Polizei darf ohne konkreten Anlass bei Versammlungen keine Beobach­tungs­kameras einsetzenGrundloses Bereithalten einer ausgefahrenen Beobach­tungs­kamera verletzt die Versammlungs­freiheit

Das Verwal­tungs­gericht Hannover hat entschieden, dass das Bereithalten einer ausgefahrenen Beobach­tungs­kamera durch die Polizei ohne einen konkreten Anlass die Versammlungs­freiheit verletzt und daher unzulässig ist.

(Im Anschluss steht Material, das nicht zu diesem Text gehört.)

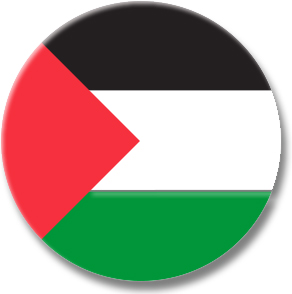 palestine flag pin button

Dem Fall lag folgender Sachverhalt zugrunde: Am 21. Januar 2012 fand in Bückeburg eine Versammlung mit ca. 500 Teilnehmern zum Thema "Farbe bekennen - Für Demokratie und Vielfalt " statt, die im Internet auch unter der Überschrift "Same Shit. Different year - kein Rückzugsraum für Nazis" beworben wurde. Die Teilnehmer zogen auf einer festgelegten Route durch Bückeburg und hielten auf dem Rathausplatz eine Zwischen­kund­gebung ab.

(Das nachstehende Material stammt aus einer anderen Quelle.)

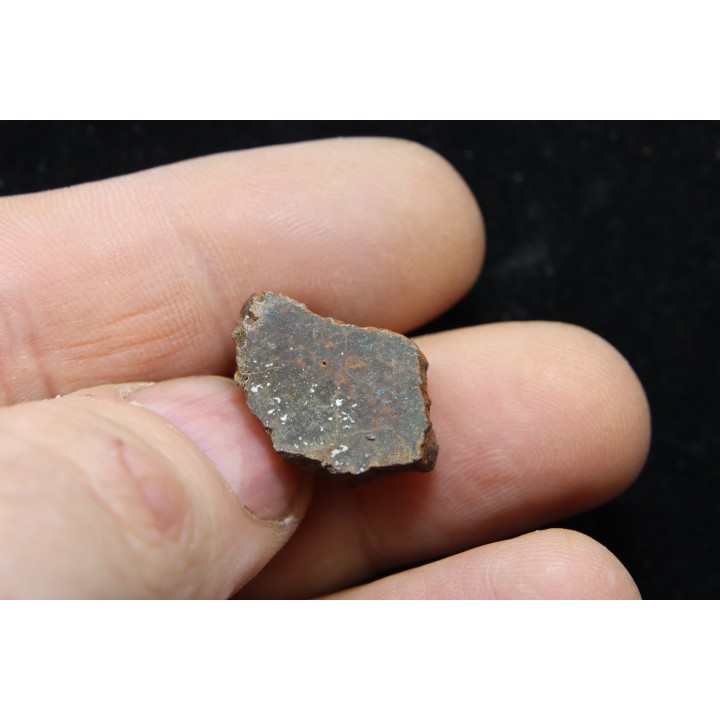 Météorite: CHONDRITE L4 - DALGETY DOWNS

Teilweise ausgefahrene Kameras waren nach Angaben der Polizei­di­rektion nicht im Einsatz

Nach der Lagebeurteilung der Polizei im Vorfeld konnte ein unfriedlicher Verlauf der Versammlung angesichts einer hohen Konflikt­be­reit­schaft gerade von in Bückeburg ansässigen Angehörigen der rechten bzw. linken Szene nicht ausgeschlossen werden. Die Polizei­di­rektion Göttingen setzte im Rahmen ihres begleitenden Einsatzes unter anderem ein Fahrzeug des Beweis- und Dokumen­ta­ti­o­ns­trupps ein, das in der Nähe der Einmündung einer auf den Rathausplatz führenden Straße abgestellt war. Dieses Fahrzeug verfügt über eine so genannte Mastkamera, die durch eine Öffnung im Dach des Fahrzeugs bis auf rund 4 Meter ausgefahren werden kann. Das dauert knapp 40 Sekunden. Während der Versammlung war der Mast mit der Kamera auf ca. die Hälfte der maximalen Höhe ausgefahren. Nach Angaben der Polizei­di­rektion war die Kamera aber nicht im Einsatz. Die Versammlung verlief friedlich.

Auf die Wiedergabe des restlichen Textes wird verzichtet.